- Instructions to follow -
Could you restate word for word the lines running from the one with "Husqvarna bicicleta electrica" to the end of the data, both ends included, but without pictures?

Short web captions

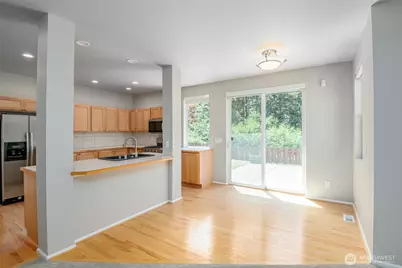 28011 Maple Ridge Way SE, Maple Valley, WA 98038 - Photo 12
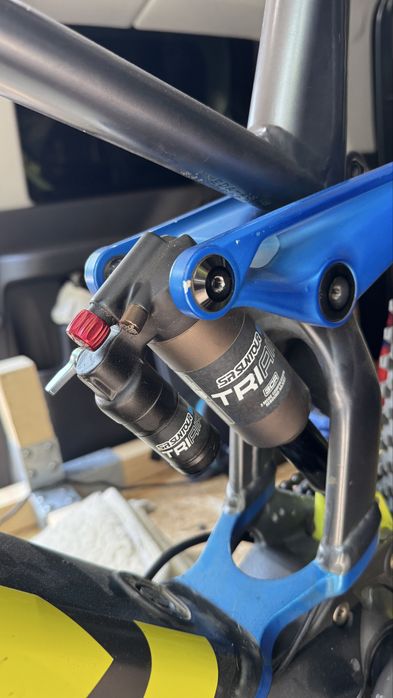 Husqvarna bicicleta electrica full suspension XL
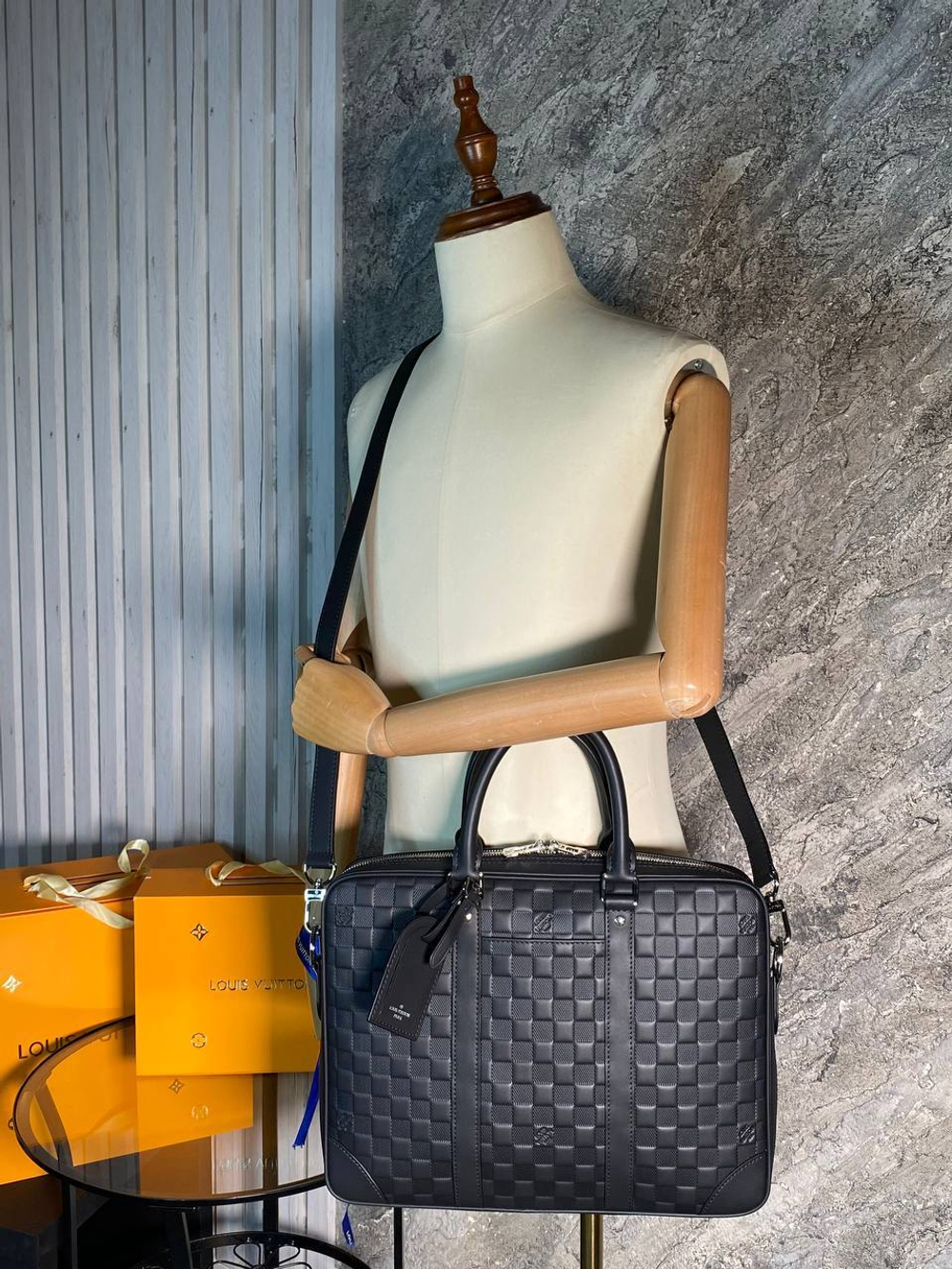 Портфель Louis Vuitton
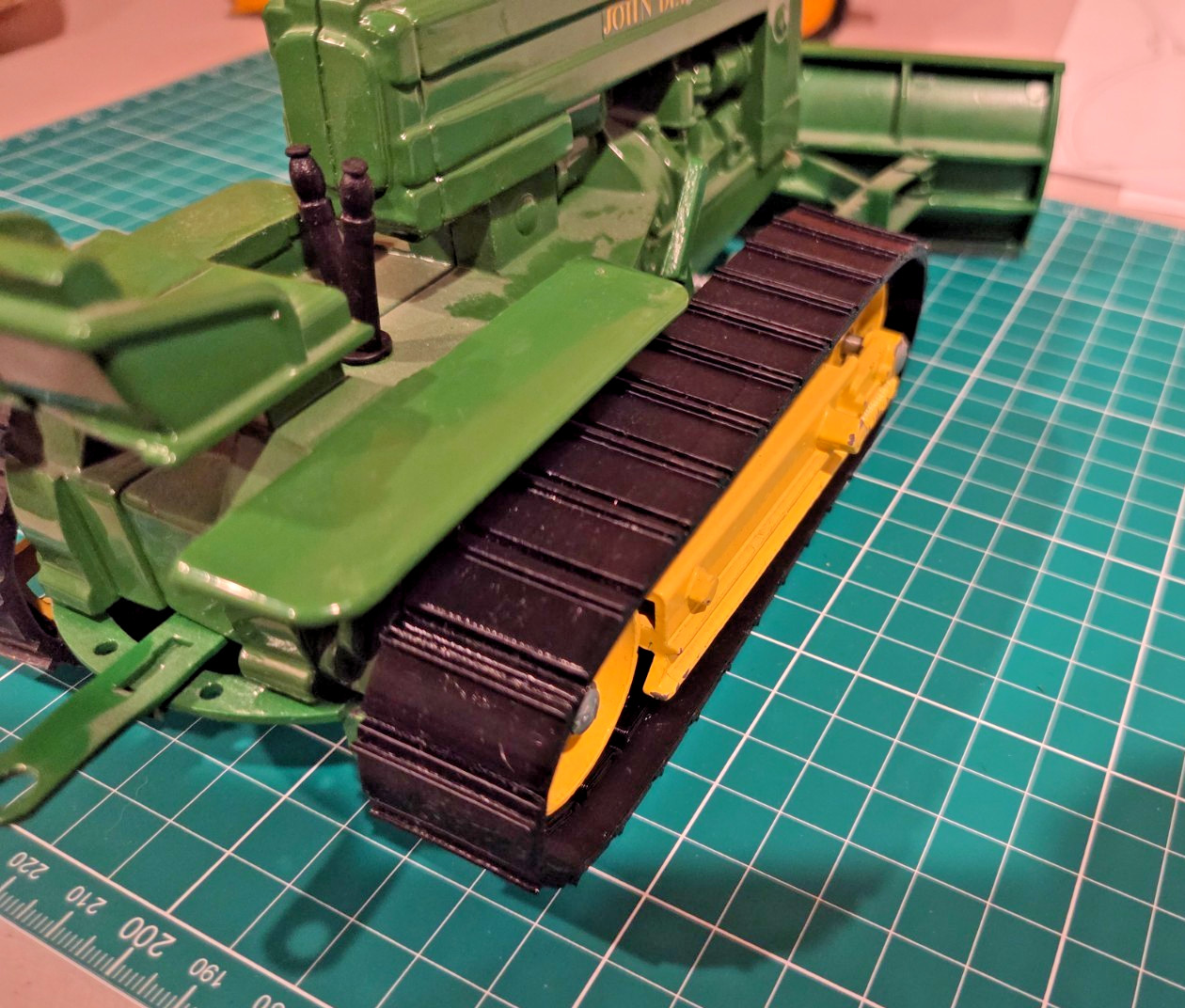 Replacement Track Set for Ertl (ESKA) John Deere 40 Dozer – Black 3D TPU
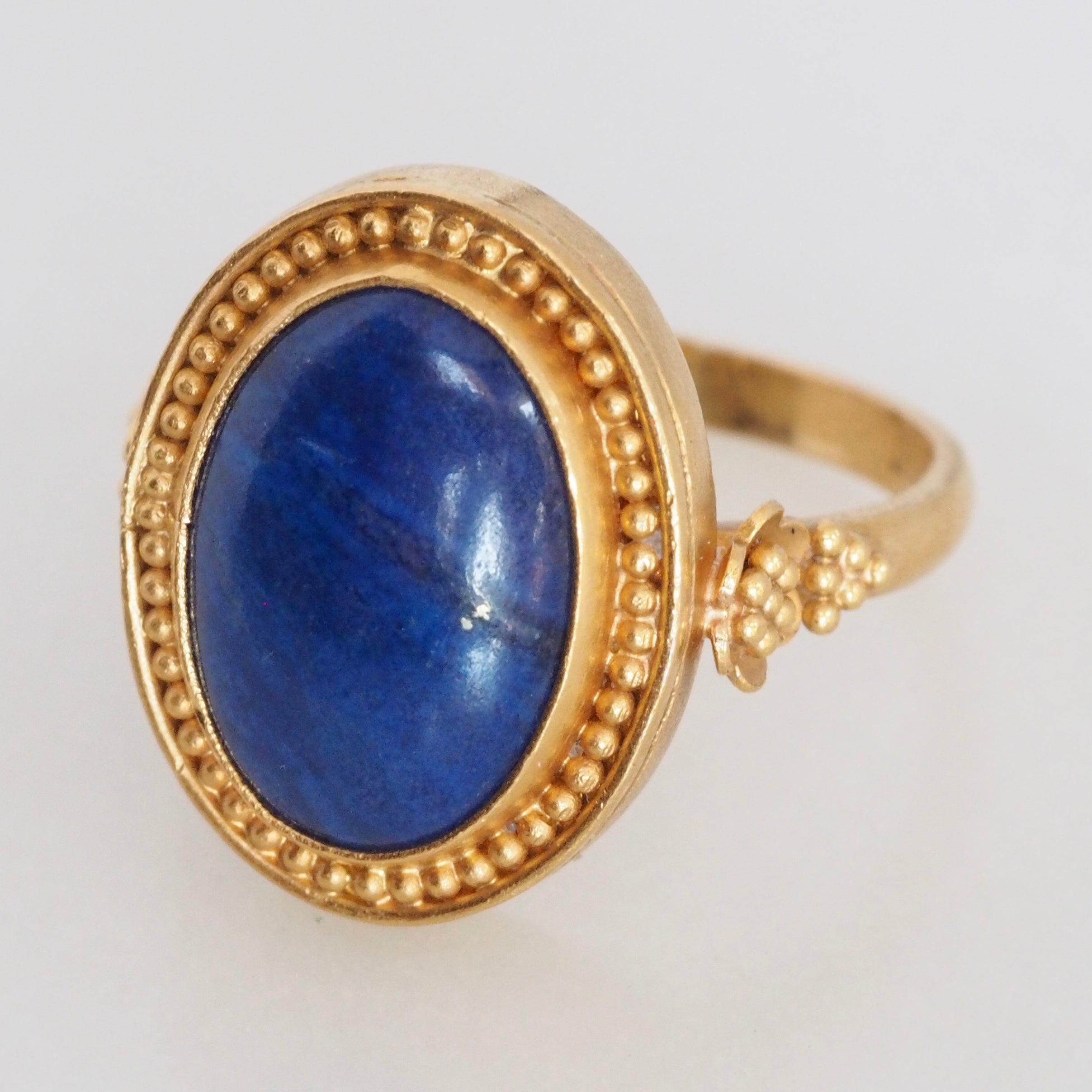 Vintage Ancient Style Greek 22k Gold Lapis Ring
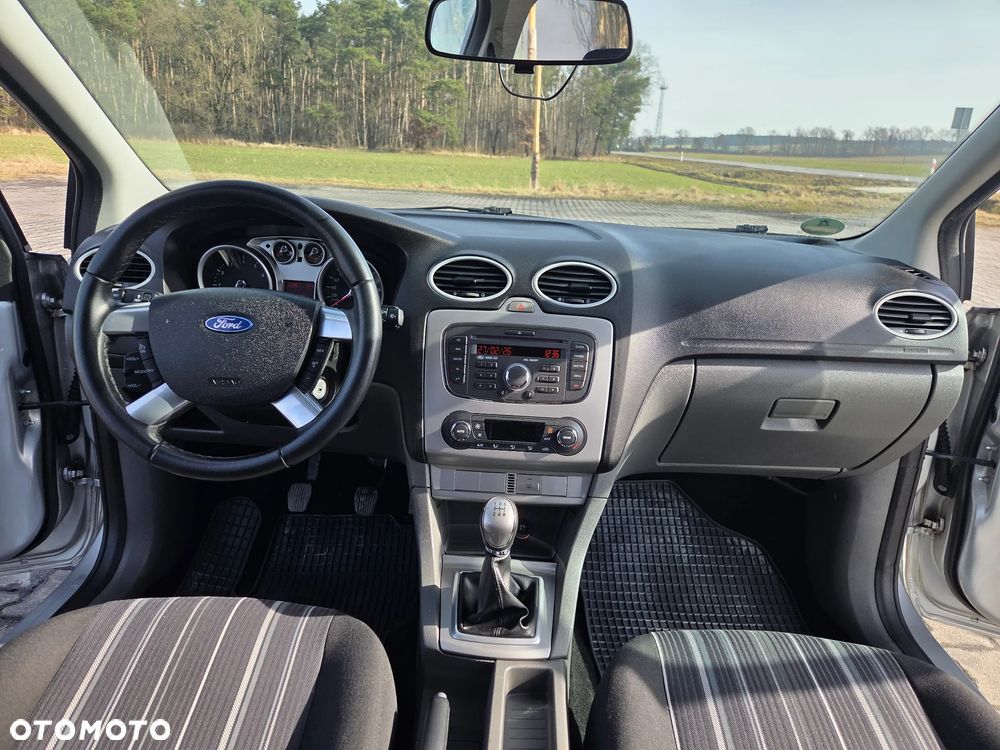 Ford Focus - 12
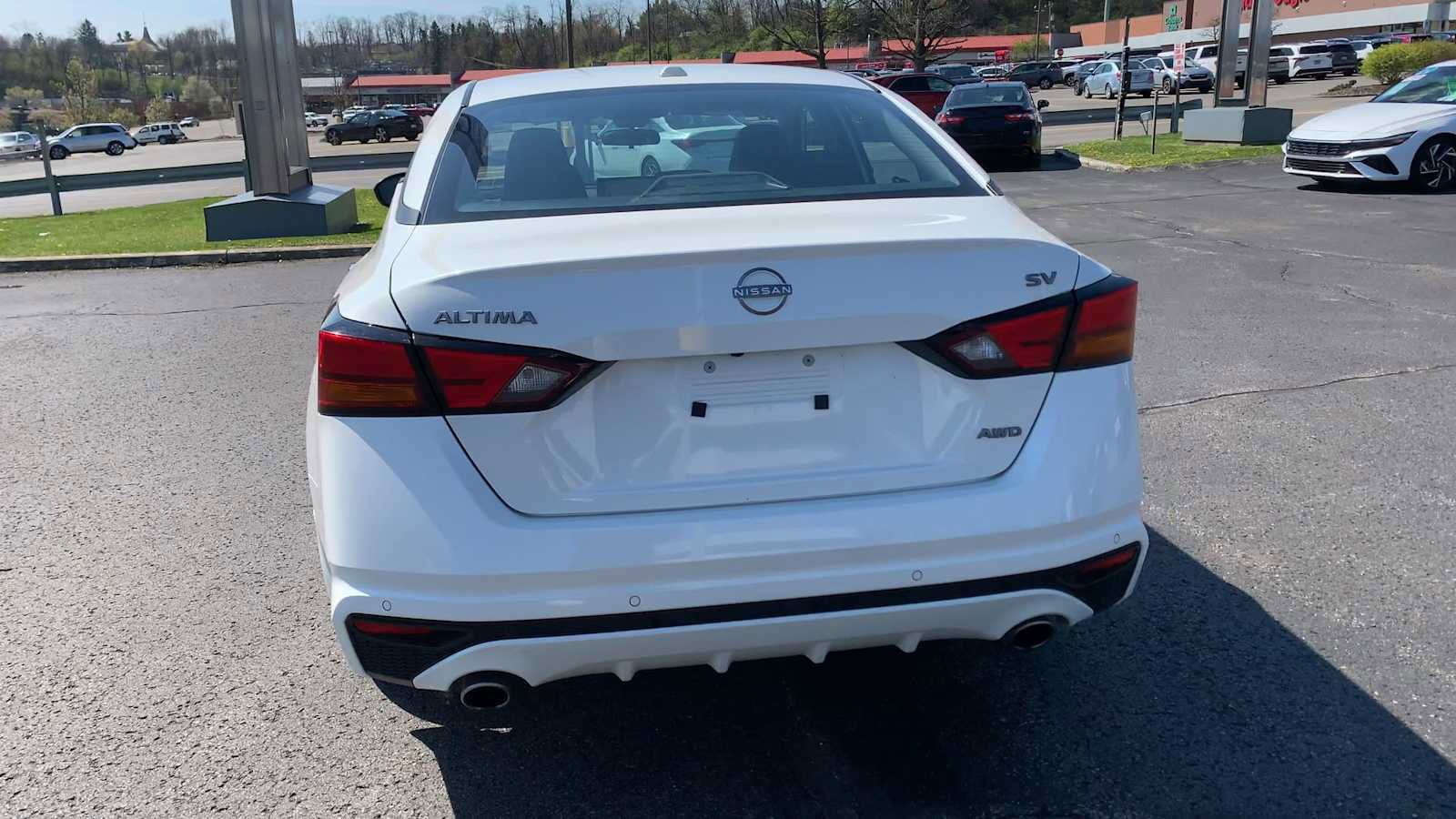 Used 2024 Nissan Altima 2.5 SV w/ SV Premium Package image 7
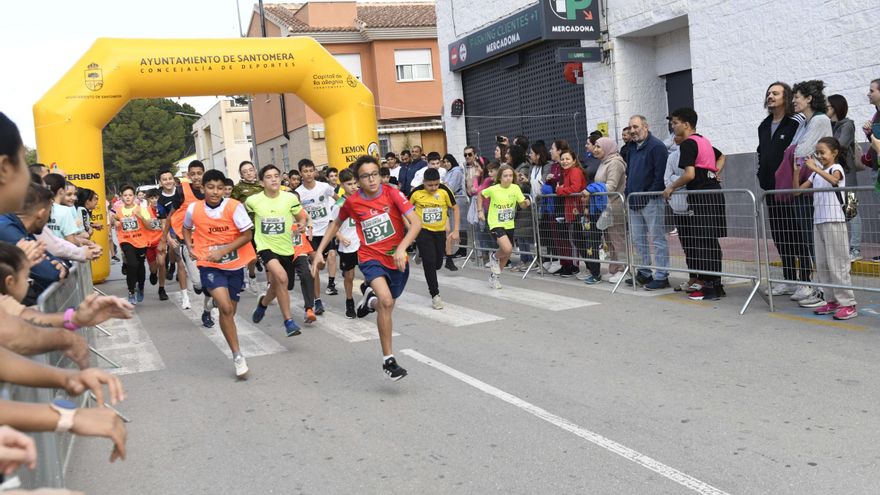 Diez años de carrera popular en Santomera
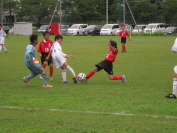 2014年8月9日に開催されたしんきんカップ第12回キッズサッカー大会県央決勝トーナメントの様子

- Answer to this task -
 Husqvarna bicicleta electrica full suspension XL
 Портфель Louis Vuitton
 Replacement Track Set for Ertl (ESKA) John Deere 40 Dozer – Black 3D TPU
 Vintage Ancient Style Greek 22k Gold Lapis Ring
 Ford Focus - 12
 Used 2024 Nissan Altima 2.5 SV w/ SV Premium Package image 7
 Diez años de carrera popular en Santomera
 2014年8月9日に開催されたしんきんカップ第12回キッズサッカー大会県央決勝トーナメントの様子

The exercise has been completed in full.